Produce a verbatim copy of the data below that contains no pictures.

_Source material_.
-=-=-
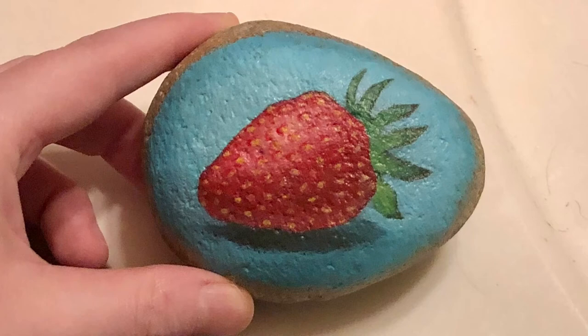Hey y'all, I wanted to show off a project I recently completed. This video will show the garden rocks I painted for my sister's garden to mark where her fruits and vegetables are planted.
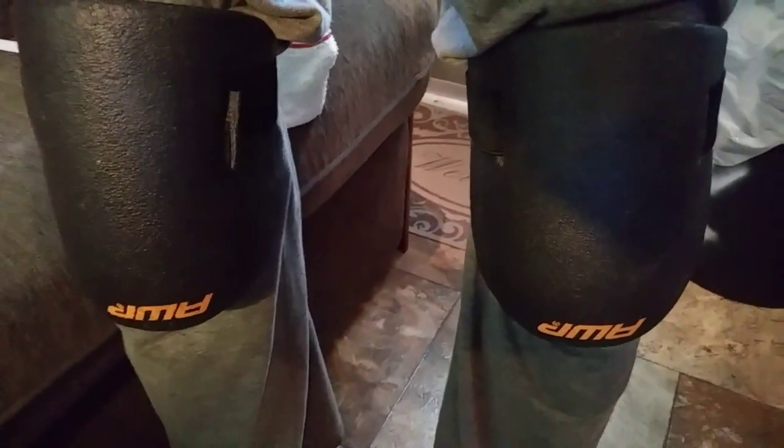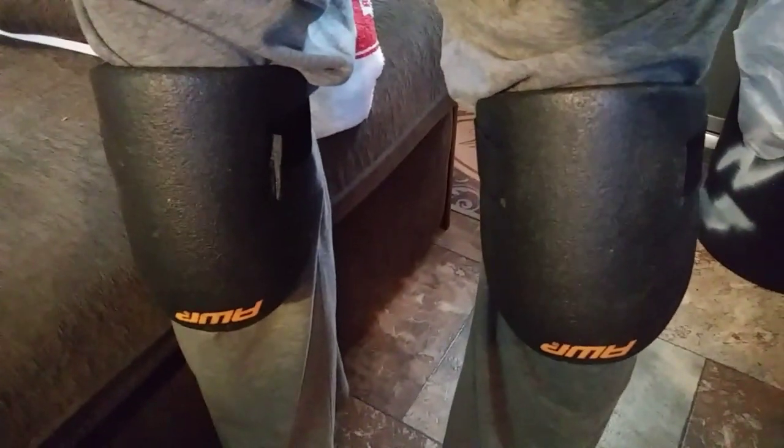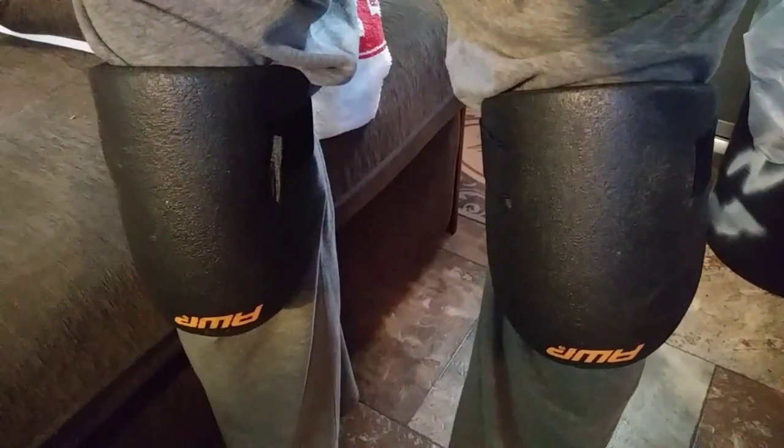Hey guys, this is rusty78609 in central Texas, USA. It is 12:30 PM, Sunday April the 30th, 2017. I've taken up ice hockey — no, actually these are knee pads. Let me get my camera situated. Anyway, these are called AWP knee pads. You can get them at Lowe's and they were five dollars and twenty-nine cents a pair.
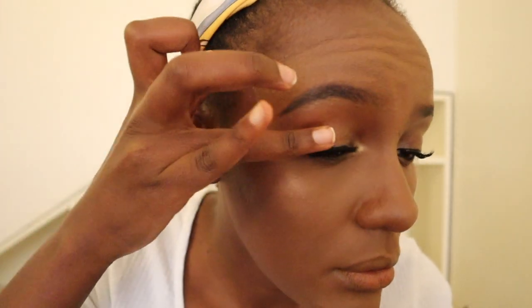Whatever strobe cream is remaining on my finger I also put on my cheek area. I put on my lashes and a bit of eyeliner off-camera — you can still see the strobe cream coming through, which looks really nice. Now I'm just going to add some glitter balm; you can even use Vaseline on your eye area just to seal that strobe cream so it doesn't crease.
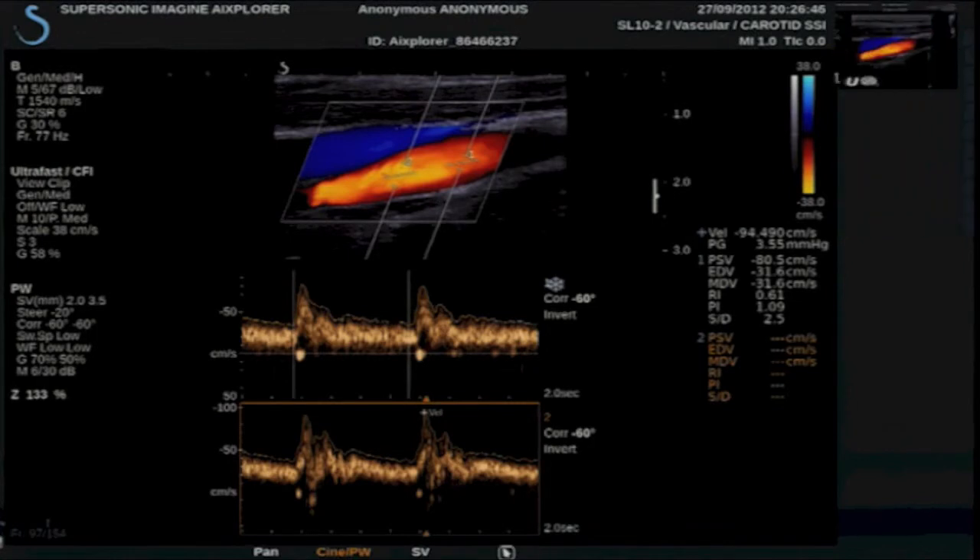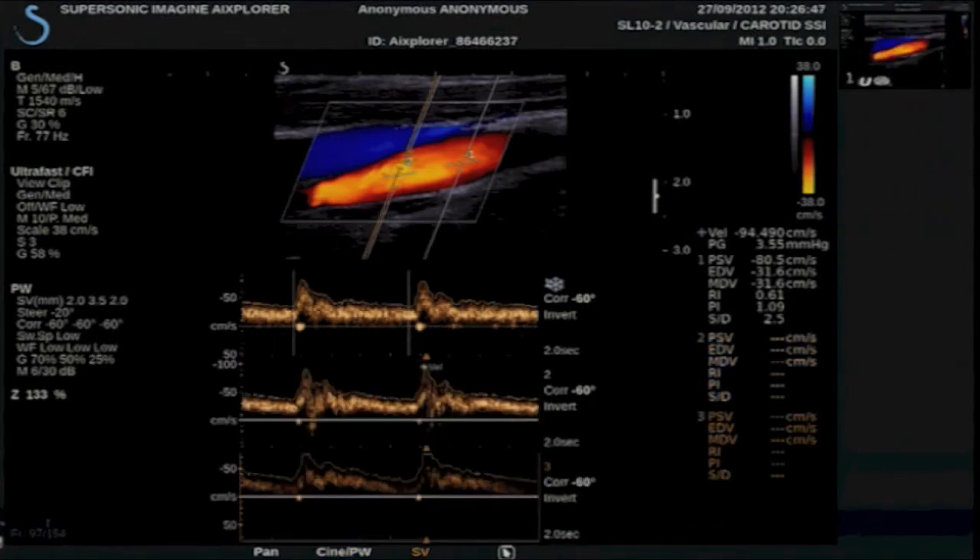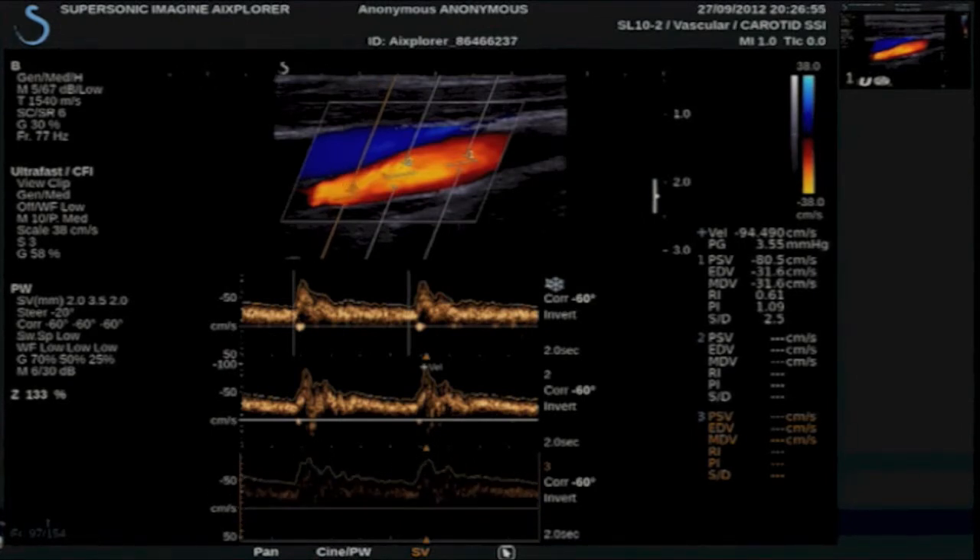I am going to add a third spectrogram, again deciding where I want to place it. There is our venous flow, that is arterial — changing the baseline, scale if necessary, and our gain.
-=-=-
_Final answer_.
Hey y'all, I wanted to show off a project I recently completed. This video will show the garden rocks I painted for my sister's garden to mark where her fruits and vegetables are planted.
Hey guys, this is rusty78609 in central Texas, USA. It is 12:30 PM, Sunday April the 30th, 2017. I've taken up ice hockey — no, actually these are knee pads. Let me get my camera situated. Anyway, these are called AWP knee pads. You can get them at Lowe's and they were five dollars and twenty-nine cents a pair.
Whatever strobe cream is remaining on my finger I also put on my cheek area. I put on my lashes and a bit of eyeliner off-camera — you can still see the strobe cream coming through, which looks really nice. Now I'm just going to add some glitter balm; you can even use Vaseline on your eye area just to seal that strobe cream so it doesn't crease.
I am going to add a third spectrogram, again deciding where I want to place it. There is our venous flow, that is arterial — changing the baseline, scale if necessary, and our gain.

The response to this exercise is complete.